Mamanet proves the power of a mom-centric sports league - interview

Mothers around the world stop making excuses and come together to feel the freedom of doing things purely for their own benefit, a new sport called Mamanet spreads worldwide

 Mamanet teams assemble at the Crown Tournament in Jerusalem (photo credit: YOSSI LAZAROFF)
Mamanet teams assemble at the Crown Tournament in Jerusalem
(photo credit: YOSSI LAZAROFF)

For many mothers, finding the time to leave the house in the evening to do something for themselves can seem like a daunting, even unattainable challenge. As societal expectations and familial responsibilities pile up around them, it can be a struggle to find the door, much less walk through it. So too was the case for Ofra Abramovich, the founder of the international sports league Mamanet.

“Fifteen years ago, a friend of mine told me to come with her to exercise, and I gave her thousands of excuses why I couldn’t – because I’m a mother and I’m busy and I have a responsibility to take care of the children and my husband and my mother in law – all the excuses,” recounted Abramovich.

Eventually, though, her friend convinced her to get out of the house after dark, and the reward made the initial struggle immediately worthwhile.

“I was ready at 8:30 on a Tuesday evening to go with her. And when I did, I felt that I went back to the age of 16 – I had the freedom not to take care of anybody, to do some sport for me, for myself. I went out with other women for coffee. I just stood for myself.”

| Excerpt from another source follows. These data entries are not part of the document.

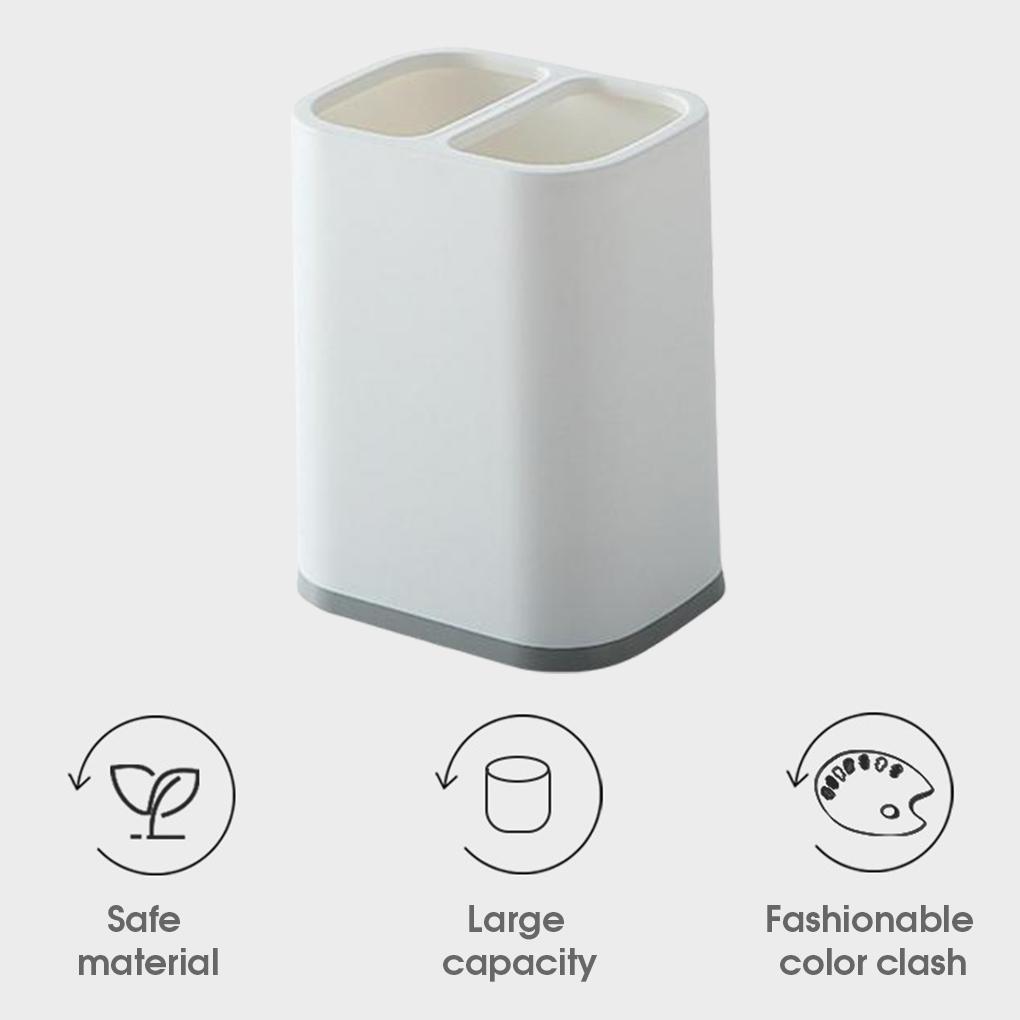 Chopsticks Storage Holder Box Double Grids Fork Spoons Countertop Tableware Organizer Draining Household Shelf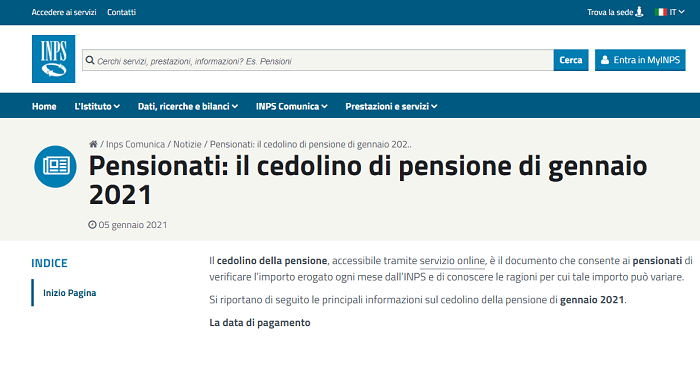 Inps Cedolino Pensione Gennaio 2021 Italia 2021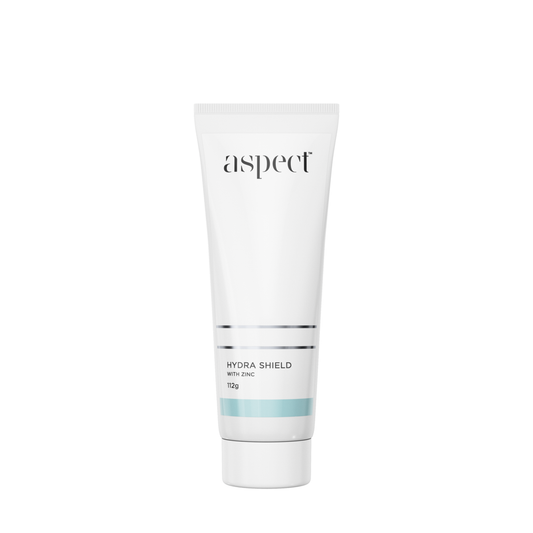 Aspect Hydra Shield lightweight daily moisturiser with zinc oxide, antioxidants and botanical oils to hydrate, calm and protect the skin barrier.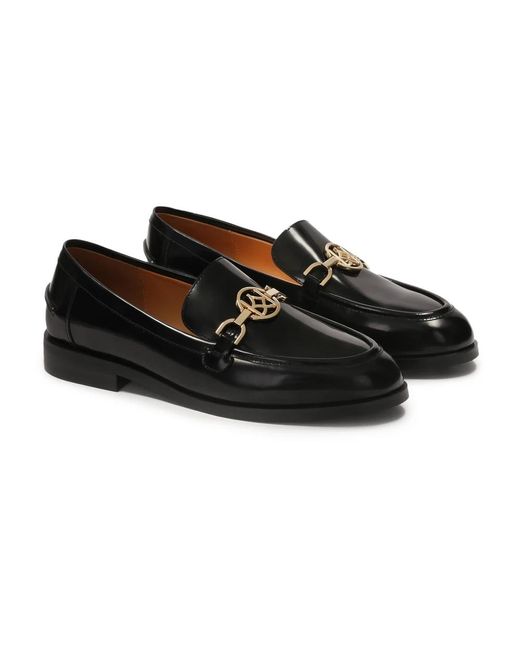 Kazar Black Schwarze Slip-On Halbschuhe Mit Metallverzierung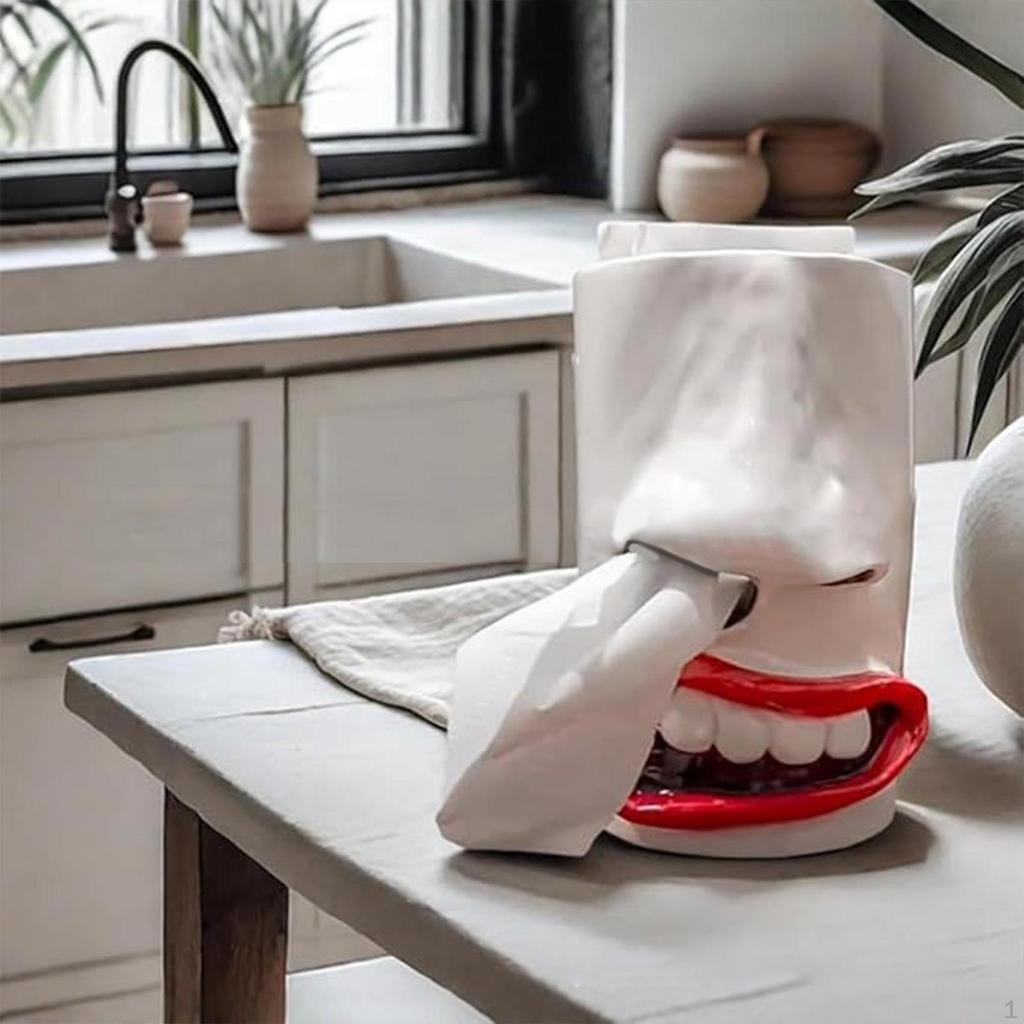 Face Tissue Box Cover Nose Mouth Dispenser Resin Funny Stylish Decorative Napkin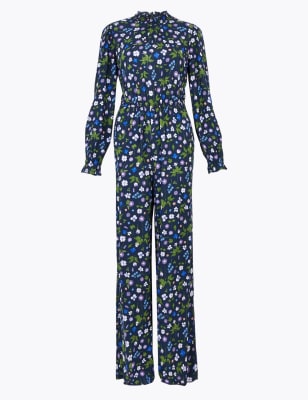 Floral Print Waisted Jumpsuit Image 2 of 6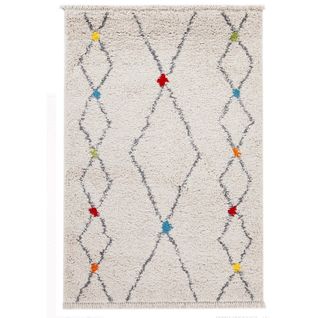 Tapis Shaggy Pashtun En Polypropylène - Multicolore - 60x120 Cm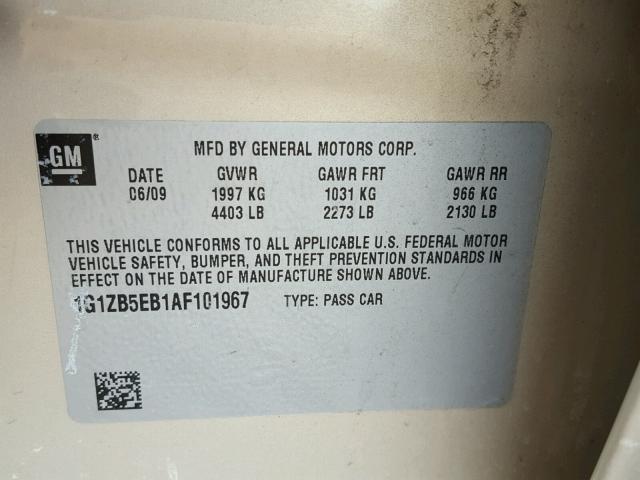 1G1ZB5EB1AF101967 - 2010 CHEVROLET MALIBU LS GOLD photo 10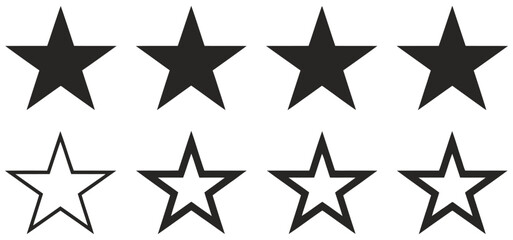 Obraz premium Star rating icon set, customer product review symbols, black five star rating flat icons, quality feedback indicators, user review graphics,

The sense of freedom that Abramovich described was a eureka moment for her.

 Ofra Abramovich, Founder of Mamanet (credit: YOSSI LAZAROFF) Ofra Abramovich, Founder of Mamanet (credit: YOSSI LAZAROFF)

“I understood that all of those excuses were ones I had made for myself,” she said. “My life depends on me, because the only one that is responsible for my set of priorities in life is me, and if I decide to change that set of priorities, I will change it and do whatever I want to do first.”

After that revelation, Abramovich decided it was time to build a framework that would give other mothers a chance to break out of the cycle of excuses. She went to the mayor of her city and told him that she wanted to start a mother-focused sports league, and after some initial pushback – the mayor initially “laughed and threw me from his office” – she overcame the hurdles standing in her way and founded Mamanet.

Mamanet, now present in more than 15 countries around the world (with 10 individual American leagues), is an international sports league organization that prioritizes giving mothers the opportunity to express their independence. Players organize into teams according to the schools their children attend and compete with one another, culminating in an annual league tournament.

The sport of Mamanet itself is a variant of cachibol, volleyball’s predecessor – the core rule difference being that, contrary to volleyball, cachibol players are allowed to momentarily hold the ball before throwing it over the net.

The choice to base Mamanet’s rules on cachibol is a direct manifestation of the organization’s ethos of providing accessible sports activity to any moms anywhere.

“Instead of hitting the ball, which requires a lot of practice, you can hold the ball for one second. It doesn’t require the mother to have prior experience; they can learn it very quickly.”

Abramovich’s success has helped mothers and women around the world to feel more able to make space and take time for themselves. When asked if she would be commemorating the upcoming International Women’s Day on March 8, Abramovich told The Jerusalem Post that she prefers to “celebrate 364 women’s days, and not to celebrate Women’s Day itself.”